Complete Workflow Guide - Simulated Assessment Engine

Overview

This guide explains the complete 3-step workflow for generating simulated assessment data:

  1. Persona Preparation: Merge persona factory output with enrichment data
  2. Simulation: Generate assessment responses for all students
  3. Post-Processing: Color headers, replace omitted values, verify quality

Quick Start

Run all 3 steps automatically:

# Full production run (3,000 students)
python run_complete_pipeline.py --all

# Dry run (5 students for testing)
python run_complete_pipeline.py --all --dry-run

Manual Workflow

Run each step individually:

# Step 1: Prepare personas
python scripts/prepare_data.py

# Step 2: Run simulation
python main.py --full

# Step 3: Post-process
python scripts/comprehensive_post_processor.py

Step-by-Step Details

Step 1: Persona Preparation

Purpose: Create merged_personas.xlsx by combining:

  • Persona factory output (from FW_Pseudo_Data_Documents/cogniprism_persona_factory_0402.py)
  • 22 enrichment columns from fixed_3k_personas.xlsx (goals, interests, strengths, etc.)
  • Student data from 3000-students.xlsx and 3000_students_output.xlsx

Prerequisites (all files within project):

  • support/fixed_3k_personas.xlsx (enrichment data with 22 columns)
  • support/3000-students.xlsx (student demographics)
  • support/3000_students_output.xlsx (StudentCPIDs from database)

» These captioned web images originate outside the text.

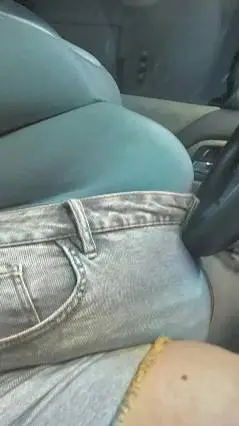 ai character: weight log background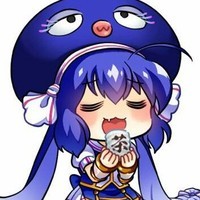 Una Otomachi
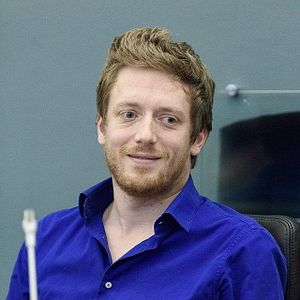 Bilder Vincent Smitz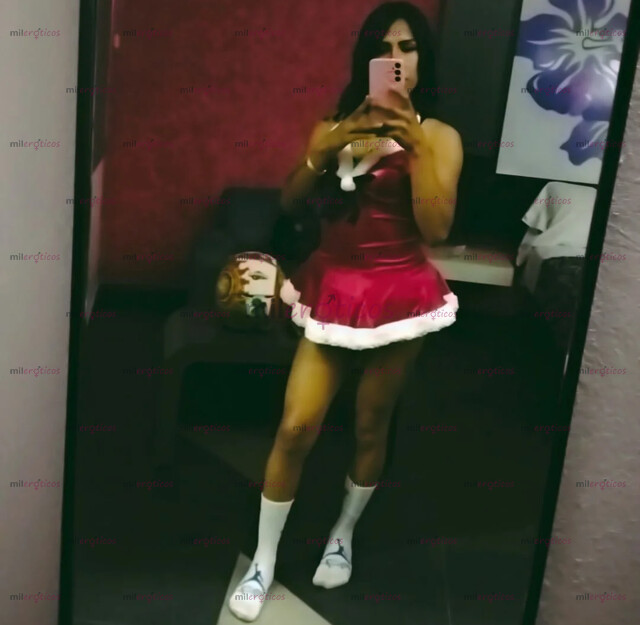 FOTOS DE 5517494165 CONTACTAME A ESTE MOBIL BECERRA CACHONDA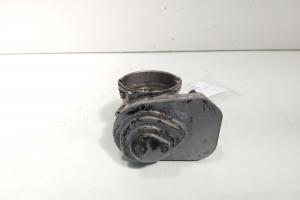 Clapeta acceleratie, cod 038128063M, Audi A3 Sportback (8PA), 2.0 TDI, BKD (idi:647679) din dezmembrari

Output: data/merged_personas.xlsx (3,000 students, 79 columns)

Run:

python scripts/prepare_data.py

What it does:

  1. Loads student data and CPIDs from support/ directory
  2. Merges on Roll Number
  3. Adds 22 enrichment columns from support/fixed_3k_personas.xlsx:
    • short_term_focus_1/2/3
    • long_term_focus_1/2/3
    • strength_1/2/3
    • improvement_area_1/2/3
    • hobby_1/2/3
    • clubs, achievements
    • expectation_1/2/3
    • segment, archetype
    • behavioral_fingerprint
  4. Validates and saves merged file

Step 2: Simulation

Purpose: Generate assessment responses for all students across:

  • 5 Survey Domains: Personality, Grit, Emotional Intelligence, Vocational Interest, Learning Strategies
  • 12 Cognition Tests: Memory, Reaction Time, Reasoning, Attention tasks

Prerequisites:

  • data/merged_personas.xlsx (from Step 1)
  • data/AllQuestions.xlsx (question mapping)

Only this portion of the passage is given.